Rosa pakt de groene trui en doet hem in de kleine koffer die haar vader mee heeft genomen naar het ziekenhuis. Ze vouwt langzaam de weinig andere kleding die zijn meegenomen op en plaatst ze zorgvuldig in de koffer. De dokter heeft net aan vader en Rosa verteld dat hij waarschijnlijk na het weekend naar huis mag. Rosa en haar vader zijn stil, maar er hangt een sfeer van hoop en opluchting in de kamer. Ze kijken elkaar even aan, ‘’ ga je mijn paashaaspak niet missen dan?’’, zegt Rosa. Die lach die haar vader er jonger doet uitzien verschijnt weer op zijn gezicht. Rosa gaat naar huis en kan voor het eerst na een lange tijd goed slapen.

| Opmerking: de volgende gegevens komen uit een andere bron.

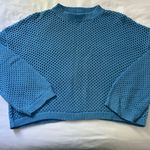 Sincerely Jules Blue Knit Sweater Photo 0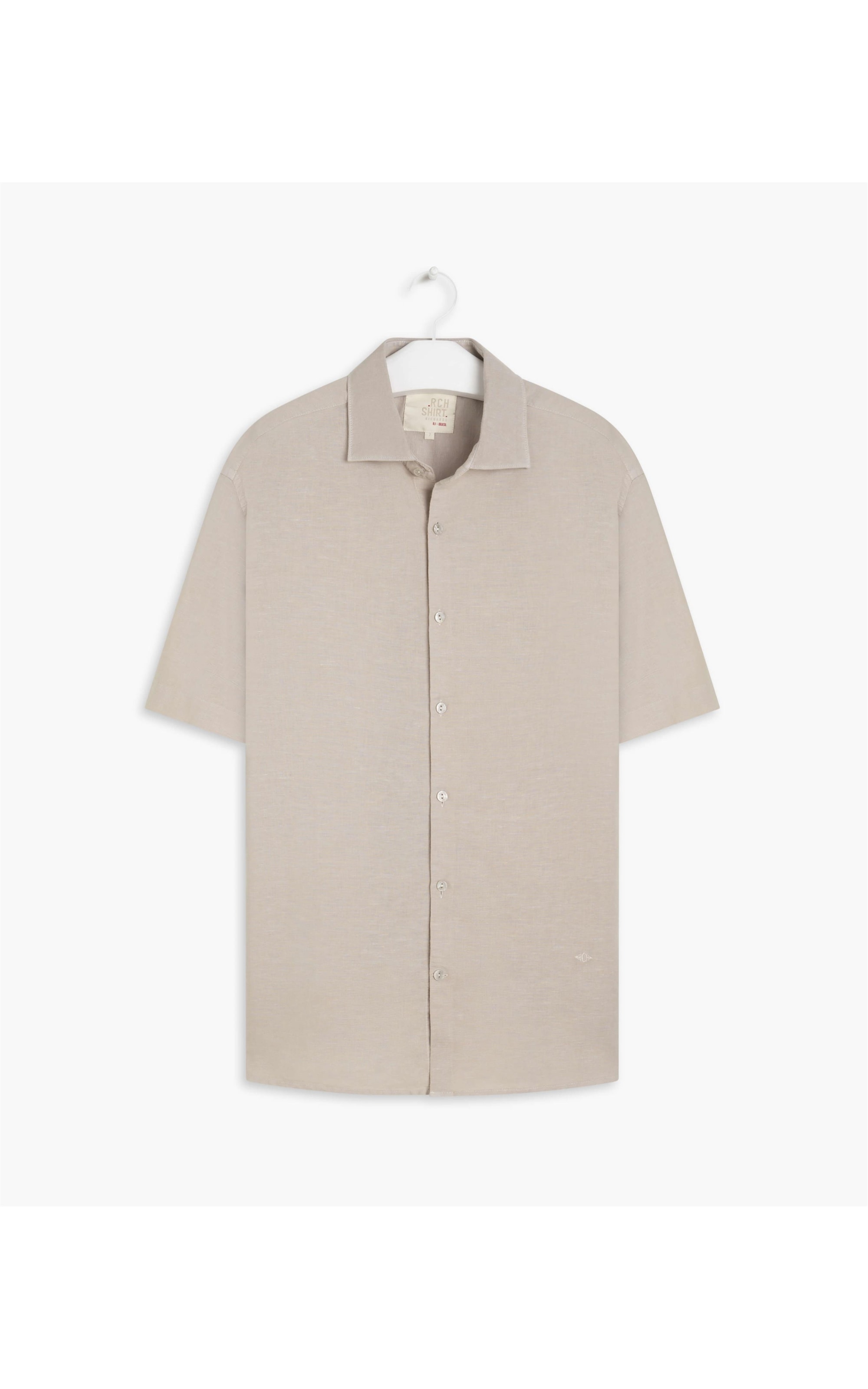 Camisa Linho  Tinturada Areia Seca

Rosa zit op de studentenkamer van haar beste vriendin Jip. Ze lachen om stomme grapjes en wat er de afgelopen weken is gebeurd lijkt naar de achtergrond te verdwijnen. Haar vader mag naar waarschijnlijk naar huis, maar iets in Rosa blijft knagen. Hoop is gevaarlijk, want je blijft er soms door drijven maar als je niet oplet verdrink je erin.
De bekende ringtoon galmt door de kamer van Jip, het afgaan van een telefoon heeft voor Rosa een nare betekenis gekregen. Ze kijkt Jip kort met grote ogen aan. Jip ziet alle hoop die Rosa deed drijven wegvallen uit haar ogen.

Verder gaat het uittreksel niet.